Abstract
This paper proposes a novel design of intermediate frequency (IF) digital receiver for wideband inverse synthetic aperture radar (ISAR) based on compressed sensing (CS). For the convenience in engineering application, we use random sampling in the digital receiver and make it possible to digitize the wideband IF signal using a commercial off-the-shelf analog-to-digital converter with sub-Nyquist sample rate.
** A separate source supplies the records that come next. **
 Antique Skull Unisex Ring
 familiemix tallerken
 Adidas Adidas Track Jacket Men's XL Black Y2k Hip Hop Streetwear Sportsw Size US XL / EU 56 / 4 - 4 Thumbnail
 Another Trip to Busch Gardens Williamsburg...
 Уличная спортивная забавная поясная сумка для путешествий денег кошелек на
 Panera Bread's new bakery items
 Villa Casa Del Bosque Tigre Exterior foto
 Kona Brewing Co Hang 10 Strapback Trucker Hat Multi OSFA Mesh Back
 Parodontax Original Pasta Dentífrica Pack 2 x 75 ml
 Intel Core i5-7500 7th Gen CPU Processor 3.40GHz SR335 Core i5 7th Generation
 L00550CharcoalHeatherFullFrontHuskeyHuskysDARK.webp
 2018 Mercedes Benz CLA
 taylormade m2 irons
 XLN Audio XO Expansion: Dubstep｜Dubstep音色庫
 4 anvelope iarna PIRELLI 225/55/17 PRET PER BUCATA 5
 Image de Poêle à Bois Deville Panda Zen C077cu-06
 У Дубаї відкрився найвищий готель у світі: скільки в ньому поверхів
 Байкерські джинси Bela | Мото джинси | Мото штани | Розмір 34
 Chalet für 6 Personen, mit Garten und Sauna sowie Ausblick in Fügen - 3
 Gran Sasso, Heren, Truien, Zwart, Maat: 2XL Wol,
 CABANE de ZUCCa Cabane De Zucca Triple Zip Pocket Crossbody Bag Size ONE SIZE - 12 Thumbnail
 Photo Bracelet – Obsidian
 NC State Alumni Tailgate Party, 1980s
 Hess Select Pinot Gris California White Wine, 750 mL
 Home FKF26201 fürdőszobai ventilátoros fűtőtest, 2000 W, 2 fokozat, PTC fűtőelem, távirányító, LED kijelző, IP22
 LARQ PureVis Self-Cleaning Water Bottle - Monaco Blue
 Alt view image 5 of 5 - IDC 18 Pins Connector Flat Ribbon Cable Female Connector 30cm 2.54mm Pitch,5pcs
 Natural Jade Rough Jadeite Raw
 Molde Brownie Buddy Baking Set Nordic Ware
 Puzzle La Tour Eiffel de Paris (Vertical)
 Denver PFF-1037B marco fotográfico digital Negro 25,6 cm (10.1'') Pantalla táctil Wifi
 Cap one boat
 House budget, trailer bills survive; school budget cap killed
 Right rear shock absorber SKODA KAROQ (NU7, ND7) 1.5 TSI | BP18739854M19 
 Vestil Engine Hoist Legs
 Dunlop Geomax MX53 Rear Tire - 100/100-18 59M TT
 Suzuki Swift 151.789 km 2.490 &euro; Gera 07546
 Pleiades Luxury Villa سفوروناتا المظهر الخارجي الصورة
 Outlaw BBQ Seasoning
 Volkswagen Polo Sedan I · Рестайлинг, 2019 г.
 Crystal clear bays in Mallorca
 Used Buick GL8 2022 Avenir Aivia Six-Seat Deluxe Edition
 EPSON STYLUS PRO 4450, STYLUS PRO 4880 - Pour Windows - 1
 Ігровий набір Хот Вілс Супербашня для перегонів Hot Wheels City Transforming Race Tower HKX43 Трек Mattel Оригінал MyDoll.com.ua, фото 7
Besides, a novel basis for the sparse representation of real-valued ISAR radar echoes is built in this paper, and an orthogonal CS reconstructing algorithm is proposed based on this. Using our proposed method, the complex-valued range profile of target can be directly reconstructed from the subsampled real raw echo. The phase information of target range profile, which is very important for the coherent processing in ISAR imaging, is well reserved during the reconstruction. As a result, the down converter and matched filter, which are essential in conventional radar receiver, can be eliminated in our CS digital receiver. A series of simulation validates our design and demonstrates the feasibility of the sub-Nyquist sampling. The simulation results of ISAR imaging verify the validity and superiority of the proposed orthogonal reconstructing method.
摘要
创新点
本文基于压缩感知理论针对宽带ISAR成像雷达提出了一种全新架构的数字接收机。 本系统采用利于工程实现的随机采样方法, 利用现有ADC芯片实现了对雷达回波信号低于奈奎斯特速率的欠采样。 此外, 本文提出一种正交重构算法, 能够从欠采样的实信号中重构复数的雷达目标一维距离像, 并在重构中较好的保留了回波的相位信息, 便于ISAR图像处理。 因此, 正交重构能够完美替代常规数字接收机中的数字下变频器和匹配滤波器, 极大简化接收机设计。 针对本文提出的设计和重构算法, 论文开展了一系列仿真实验, 实验结果证明了系统的可行性和正交重构算法的可靠性。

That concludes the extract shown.